Allegiant to acquire Sun Country in $1.5B merger: boosting leisure travel

Allegiant and Sun Country Airlines have announced a merger agreement to create a leading leisure-focused U.S. airline. 

Allegiant-Sun Country merger

What we know:

Allegiant will acquire Sun Country in a cash and stock transaction valued at approximately $1.5 billion. 

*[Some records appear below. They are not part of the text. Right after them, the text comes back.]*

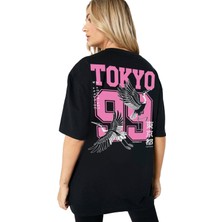 ROCKANDROLL Tokyo 99 Siyah Kısa Kollu Arka Baskılı Oversize Kadın T-Shirt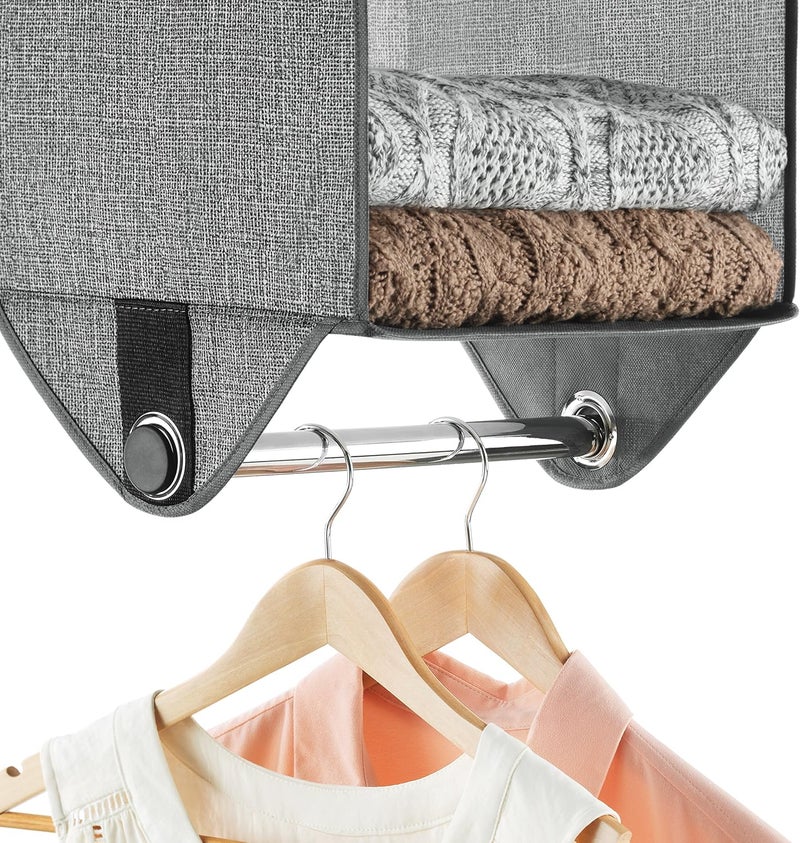 Whitmor 2-Section Closet Organizer - Crosshatch Gray - Image 4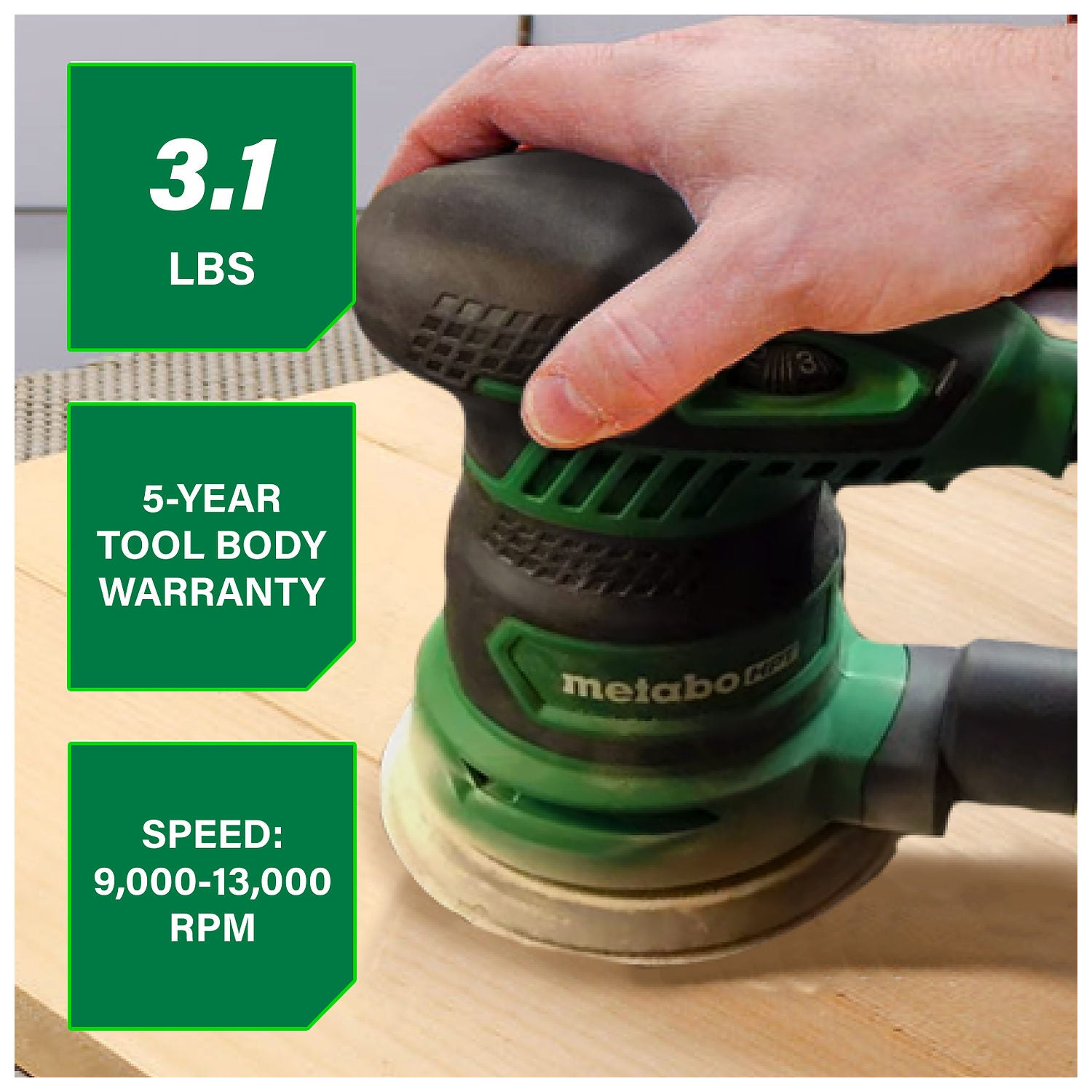 Metabo HPT SV13YST sander weight, speed and five-year warranty features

The merger is expected to enhance stability, expand opportunities and enable continued investment and innovation. 

The backstory:

Gregory C. Anderson, Allegiant CEO, expressed excitement about the merger, highlighting the shared mission of providing affordable, reliable and convenient service. Jude Bricker, Sun Country President & CEO, emphasized the value the transaction brings to Sun Country shareholders and the opportunity for growth as a combined company. 

Impact on travelers and employees 

What they're saying:

The combined airline will offer more than 650 routes, including expanded international service to 18 destinations. 

Local perspective:

The combined company will maintain a significant presence in Minneapolis-St. Paul, where Sun Country is based, while being headquartered in Las Vegas. The merger aims to connect more travelers to the places they love with a commitment to value, convenience and customer choice. 

What we don't know:

Specific details about the integration process and how it will affect current operations of both airlines are not yet available. 

The Source: This story uses information from a press release by Allegiant and Sun Country Airlines.